Головы в классе повернулись — взгляды с прищуром, шушуканье, издевательские ухмылки, — и я понял, что с минуты на минуту вернется с мокрыми губами мистер Руссо, и в первый же день занятий меня поймают на жульничестве — на подсказке. Я снова посмотрел на двадцать шестой вопрос; потом опять на Альби, а затем — движимый, как всегда, в отношениях с ним, гневом, жалостью, страхом, любовью, местью и неодолимой склонностью к иронии, тонкой в ту пору, как бревно, я прошептал:
— Сидеть с больным другом и читать ему.
Вулкан утих, и мы с Альби познакомились.
Мы подружились. Он был при мне во время тестов, потом во время завтрака, потом после уроков. Я узнал, что Альби, в его молодые годы, успел проделать все то, что я, пай-мальчик, не смог: он ел гамбургеры в разных незнакомых ресторанчиках; после холодного душа, с мокрой головой, выходил зимой на улицу; жестоко обращался с животными; сношался с проститутками; воровал, был пойман и расплачивался. Но теперь, сказал он мне: «Я кончил мудить. Я получу образование. Я постараюсь, — думаю, эту фразу он подцепил из музыкального фильма, который смотрел накануне, пока мы сидели на уроке литературы, — я постараюсь показать себя с лучшей стороны.» На следующей неделе, когда Руссо зачитывал результаты тестирования, эта лучшая сторона высветилась неожиданно и прелестно. Руссо сидел за своим столом с кипой тестов, сложенной как боеприпасы, на фоне громадных таблиц и диаграмм, и открывал нам наши судьбы. Нам с Альби предстояло стать юристами.

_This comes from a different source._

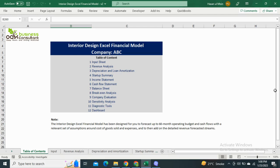Today we are going to present another financial model, the Interior Design Excel Financial Model. This model is helpful for interior designing businesses and the residential industry to evaluate, forecast, and visualize their financial performance.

Из всего, что Альби поведал мне в эту первую неделю, в голове у меня прочнее всего засел один факт. Я быстро забыл название города в Сицилии, где он родился, забыл профессию его отца (он то ли делал, то ли развозил лед), забыл годы выпуска и модели автомобилей, которые Альби угнал, но запомнил, что он, по-видимому, был звездой в бейсбольной команде Джеймсбергской колонии. Когда учитель физкультуры назначил меня капитаном софтбольной команды нашего класса (в софтбол мы играли до окончания чемпионата страны по бейсболу, потом переключились на бесконтактный футбол), я решил заполучить Пелагутти в свою команду. С его ручищами он мог выбить мяч на километр.
В тот день, когда набирали команды, в раздевалке, пока я надевал форму — футболка, бандаж, трусы хаки, толстые носки, кеды, Альби, шаркая ногами, прохаживался около меня. Сам он уже переоделся: бандаж он не надел, а из-под спортивных трусов цвета хаки свисали сантиметров на восемь широкой причудливой каймой его собственные бледно-лиловые. Вместо футболки на нем была нижняя майка, а на ногах — угольно-черные кеды и тонкие шелковые носки с вышитыми сбоку узкими стрелами. Такой мог в древности нагишом сокрушать львов в Колизее; наряд же, хотя я умолчал об этом, — не прибавлял ему достоинства.
Пока мы шли из раздевалки по темному подвальному коридору на солнечное сентябрьское поле, он без умолку говорил:
— Пацаном я не занимался спортом, а в колонии стал играть, и бейсбол стал с ходу получаться.
Я кивнул.
— Тебе нравится Пит Ризер? — спросил он.
— Хороший игрок.
— А Томми Хенрич нравится?
— Не знаю, — сказал я. — Наверное, надежный.
Болельщик «Доджеров»[79], я, конечно, предпочитал Ризера Хенричу из «Янкиз»; кроме того, вкусы мои всегда были несколько своеобразны, и Ризер, неоднократно налетавший на стену в погоне за мячом, завоевал особый приз в моей бейсбольной душе.
— Да, — сказал Альби, — мне все «Янкиз» нравятся.